INPUT FOR THIS TASK ::

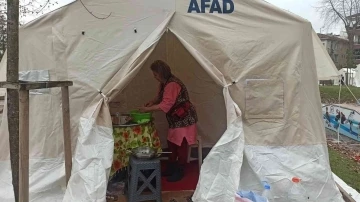 Depremin üstünden 10 gün geçti, korkusu hala sürüyor
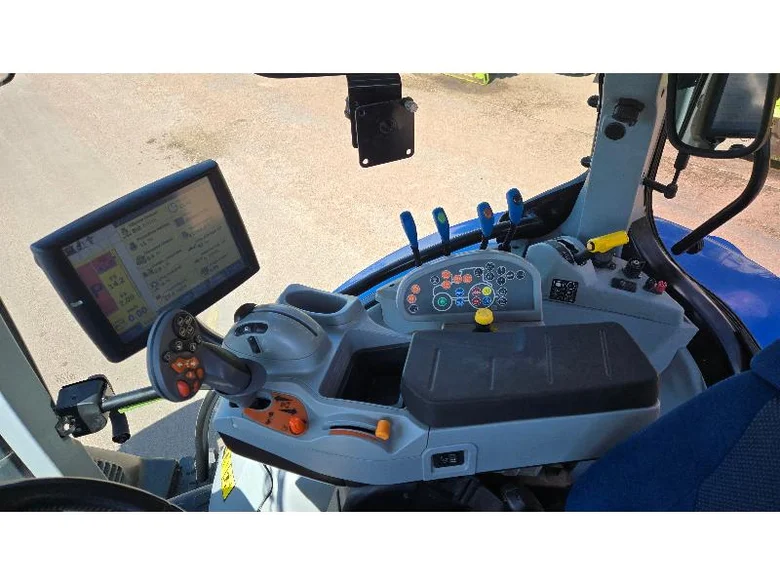 Tracteur NEW-HOLLAND T6.145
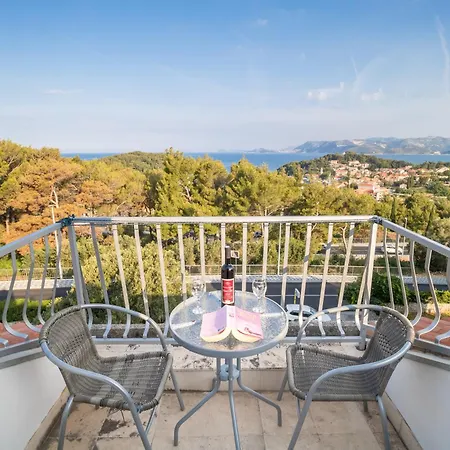 Pansion Lovac Casa de hóspedes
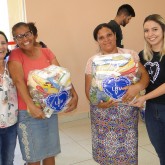 Santo Expedito, SP — O sorriso é a demonstração mais clara e sincera de gratidão dessas famílias. Graças à campanha Natal Permanente da LBV — Jesus, o Pão Nosso de cada dia!, elas terão um fim de ano mais digno e feliz.
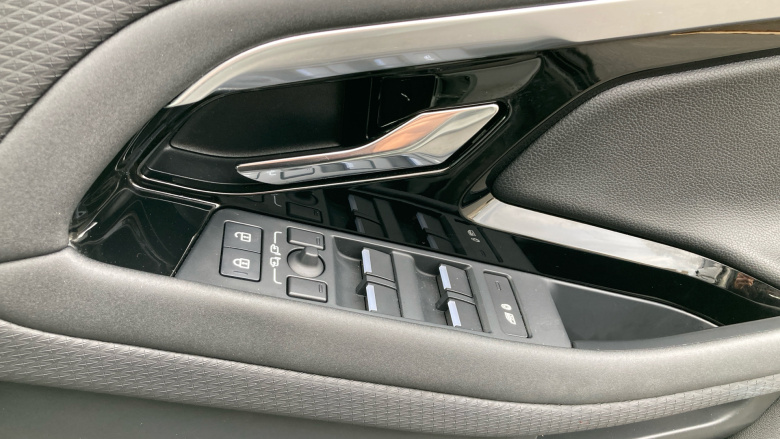 Land Rover Range Rover Evoque 1.5 P300e Evoque Edition 5dr Auto Hatchback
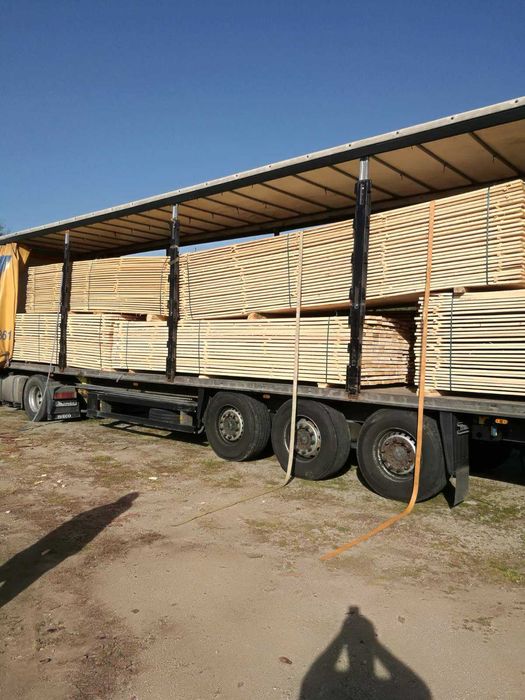 Продавам смърчов дървен материал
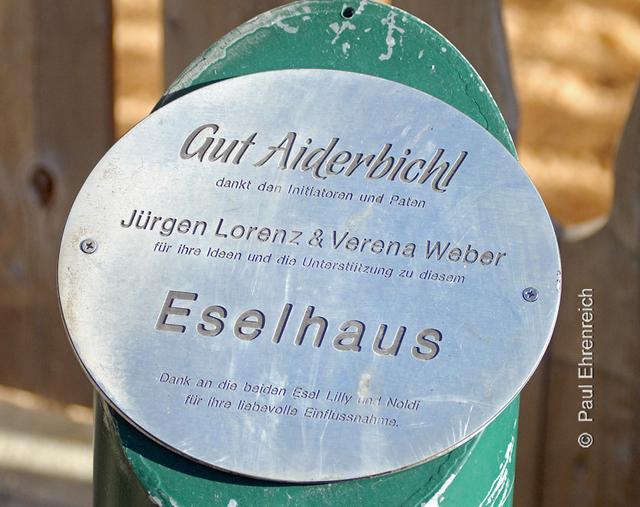 "Dank an die beiden Esel Lilly und Noldi für ihre liebevolle Einflussnahme beim Bau des Eselhauses"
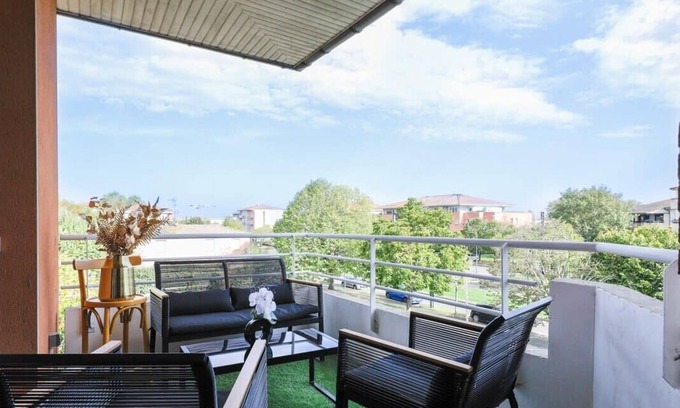 Blagnac Apartment | Montaigne - Proche Tram - 5min Aéroport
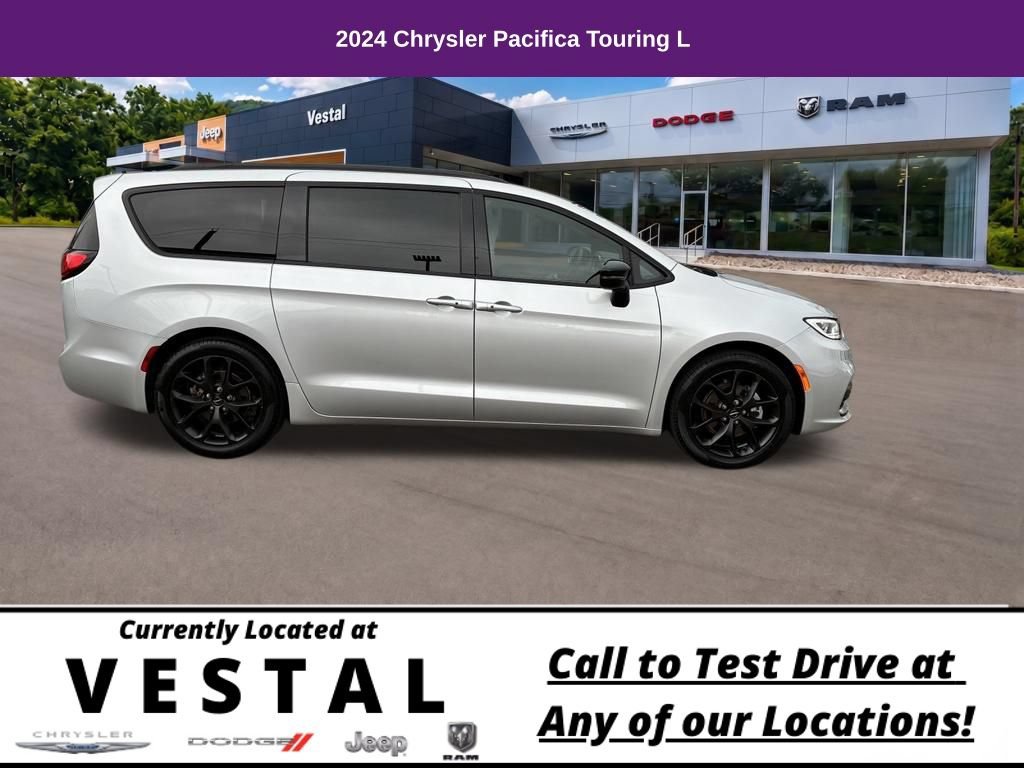 Used 2024 Chrysler Pacifica Touring-L w/ S Appearance Package FWD image 5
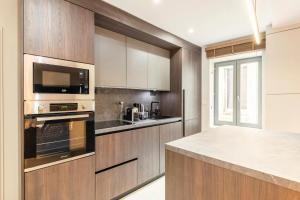 Kuchnia lub aneks kuchenny w obiekcie Cocoon du vieux Lyon - Luxury apartment - Balneo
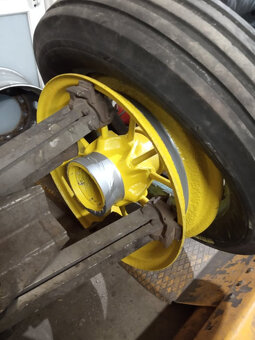 Staré kolo např. pro reklamu pneuservisu apod. - 4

PROBLEM DETAILS ::
Would you please retype the material above exactly and leave out each picture?

SOLUTION FOR THIS EXERCISE ::
 Depremin üstünden 10 gün geçti, korkusu hala sürüyor
 Tracteur NEW-HOLLAND T6.145
 Pansion Lovac Casa de hóspedes
 Santo Expedito, SP — O sorriso é a demonstração mais clara e sincera de gratidão dessas famílias. Graças à campanha Natal Permanente da LBV — Jesus, o Pão Nosso de cada dia!, elas terão um fim de ano mais digno e feliz.
 Land Rover Range Rover Evoque 1.5 P300e Evoque Edition 5dr Auto Hatchback
 Продавам смърчов дървен материал
 "Dank an die beiden Esel Lilly und Noldi für ihre liebevolle Einflussnahme beim Bau des Eselhauses"
 Blagnac Apartment | Montaigne - Proche Tram - 5min Aéroport
 Used 2024 Chrysler Pacifica Touring-L w/ S Appearance Package FWD image 5
 Kuchnia lub aneks kuchenny w obiekcie Cocoon du vieux Lyon - Luxury apartment - Balneo
 Staré kolo např. pro reklamu pneuservisu apod. - 4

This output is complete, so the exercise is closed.